Therefore, the selected options for ANOVA in SPSS are (Field, 2009:379):

  • Descriptive, to obtain the means, standard deviations, standard errors, ranges and confidence intervals of each mean, which assist in interpreting the results.
  • Homogeneity of variance, to test this assumption.
  • Brown-Forsythe and Welch, which are alternative versions of the F-ratio, useful in case the assumption of homoscedasticity is broken.
  • Means plot, to obtain a line graph of the group means before the analysis.
  • Exclude cases analysis by analysis, to exclude all cases that have a missing value for either the independent or the dependent variable used in this analysis.

The F-ratio of ANOVA indicates whether the model fitted to the data accounts for more variation than extraneous factors, but it does not specify where the differences between groups lie (Field 2009:360). Therefore, it is necessary to run planned comparisons or post-hoc tests, which consist of pairwise comparisons that are designed to compare all different combinations of the treatment groups 2009:372). In this case, a post-hoc test was run, because there were no hypotheses prior to collecting the data. The following post-hoc tests were selected:

  • R-E-G-W-Q, which controls the Type I error rate, has good statistical power, and is used when the sample sizes are equal and population variances are similar.
  • Tukey, which is similar to R-E-G-W-Q, but with less statistical power.
  • Dunnett, which controls both experimental groups against the control group and controls Type I error rate. The parameters in SPSS were:
    • Control category: First (i.e., the control group is coded first).
    • Test: 2-tailed (because Hypotheses 1 and 2 are two-tailed).
  • Games-Howell, which has good statistical power and is run if the population variances might not be similar (Field 2009:375).

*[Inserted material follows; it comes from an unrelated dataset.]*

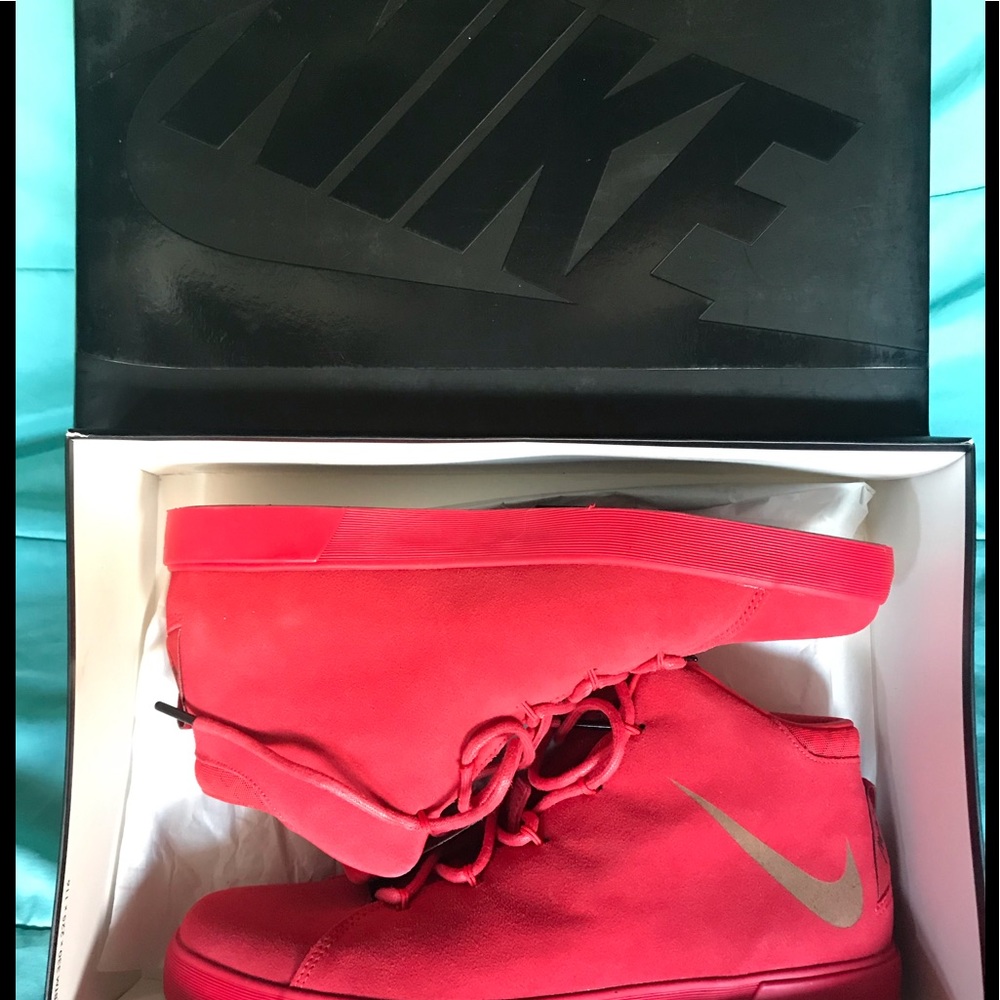 Nike lebron liftstyle men size 10 red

A planned comparison was run as well for practice reasons, depicted in the table below.

Group Contrast 1 Contrast 2
middle-aged -2 0
young 1 1
old 1 -1

In this test, the groups to be compared are coded with positive or negative values (weights), so that groups coded with positive weights are compared against groups coded with negative weights, and the sum of weights for a comparison should be 0 (Field 2009:365).

In Contrast 1, the control group (middle-aged) was compared to the two test groups (young and old). The groups were coded with values so that their sum equals 0. The control group was coded first (because it was the group coded as 1 in the variables list) as -2. Next, the young group (coded as 2 in the variables list) was coded as 1. Finally, the old group (coded as 3 in the variables list) was coded as 1.

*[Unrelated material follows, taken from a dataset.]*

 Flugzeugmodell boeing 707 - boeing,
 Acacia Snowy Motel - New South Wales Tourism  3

In Contrast 2, only the two test groups (young and old) were compared. Like in Contrast 1, the groups were coded in the same order and with values so that their sum equals 0. First, the control group was coded as 0 (to mark that it is excluded from the calculation), then the young group was coded as 1, and finally the old group was coded as -1.

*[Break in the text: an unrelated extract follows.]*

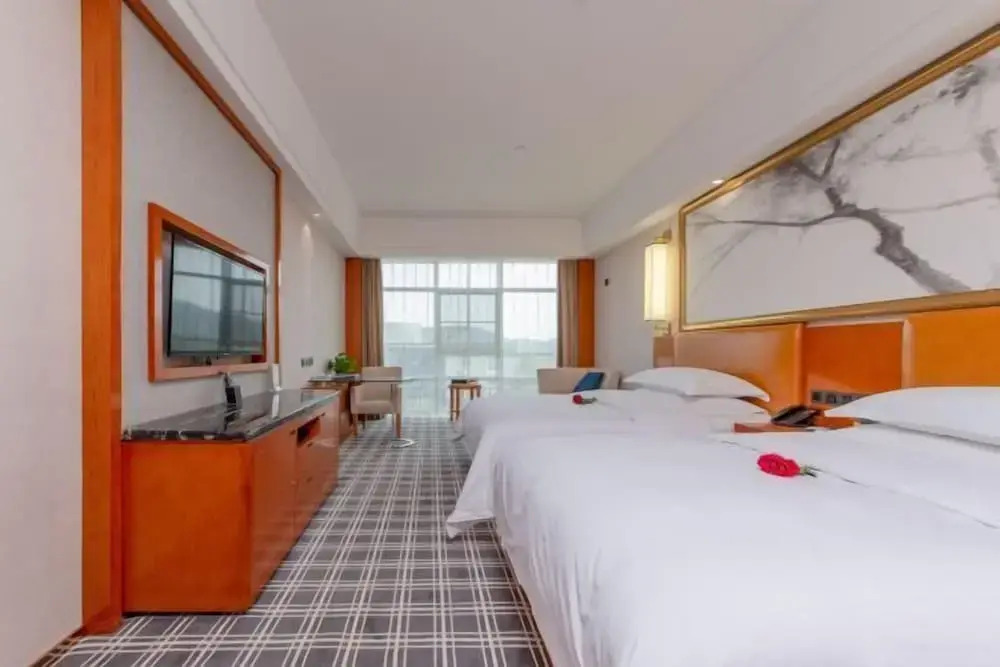 Юнчжоу: Starshar Hotel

First, the mean of sportiness by age group was observed. The line graph depicted in Figure 5 indicates that the mean of sportiness is different between the three groups, namely the young group shows the highest level of sportiness (M = 7.80, SD = 1.317), followed by the middle-aged group (M = 5.20, SD = 1.54), and lastly the old group (M = 2, SD = .816). The error bars do not overlap, which indicates that there are between-group differences.

The assumption of homoscedasticity is met, as indicated by Levene’s test Sig. > .05 (Table 6).

Table 7 shows the ANOVA summary table.

Within Groups shows the unsystematic variation within the data (Field, 2009:383), due to natural individual differences indicated by the residual sum of squares (SSR = 43.20) and the average amount of unsystematic variation is indicated by the mean squares (MSR = 1.60). The between-group effect labeled Combined is the overall experimental effect, represented by the sum of squares for the model (SSM = 168.80) and mean squares (MSR = 84.40).

The F-ratio for the combine between-group effect indicates whether the group means are the same (F(2)= 52.75). The likelihood of an F-ratio of 52.75 to occur if there was no effect in the population is 0 (Sig. < .001), which means that the level of sportiness is significantly different between the age groups. For the linear trend (Linear Term, tests whether the means increase across groups in a linear way) F(1) = 32, Sig. < .001, which indicates that the level of sportiness decreases with age. For the quadratic trend (Quadratic Term, tests whether the pattern of trends is curvilinear) F = 73.50, Sig. < .001, so the contrast is significant (Field, 2009:383).

Thus, the null hypothesis is rejected.

Table 8 reports the contrasts, where Assume equal variances represents the value of the contrasts.

This table is considered because the assumption of homogeneity of variance was met. For Contrast 1 (control group vs. test groups) Sig. (2-tailed) = .545, which means that the levels of sportiness do not differ significantly between middle-aged individuals and old and young individuals. For Contrast 2 (young vs. old) Sig. (2-tailed) < .001, which means that sportiness differs significantly between old and young individuals.

The post-hoc tests (Table 9) Tukey HSD and Games-Howell indicate that all groups differ significantly from each other (Sig. < .05). However, Dunnett’s test indicates that the old group and middle-aged group do not differ significantly (Sig. = 1), which is in contradiction with the results in the planned contrasts.

In Table 10, Tukey’s test and the R-E-G-W-Q test are two tests that display subsets of groups that have the same means. In each subset only one group is displayed, which means that its mean is different than the means of the other two groups. The groups in the subsets have unequal means (Sig. = 1), so there are no two groups that are similar. The Harmonic Mean Sample Size represents the relation between variance and sample size, in order to reduce bias that might arise due to unequal sample sizes (Field, 2009:387).


The data provided statistically significant evidence that mean levels of sportiness are significantly different across age groups and there was a significant effect of age on levels of sportiness, F(2)= 52.75, p < .05. There was a significant linear trend (F(1) = 32, p < .05), indicating that the level of sportiness decreases with age: the older, the lower physical activity.

The level of sportiness of the young group was significantly higher than that of than the old group, t(27) = 10.25, p < .05, whereas the level of sportiness of the middle-aged group was not significantly higher than that of the old group, t(27) = -.612, p > .05.

However, this study has several limitations. First, the sample size in each group (N = 10) is small, so the results cannot be generalized. Second, the results are based on self-reported data, which allows for over-/underestimates of individual sportiness levels by the participants. These factors should be controlled for in future studies investigating the effect of age on sportiness.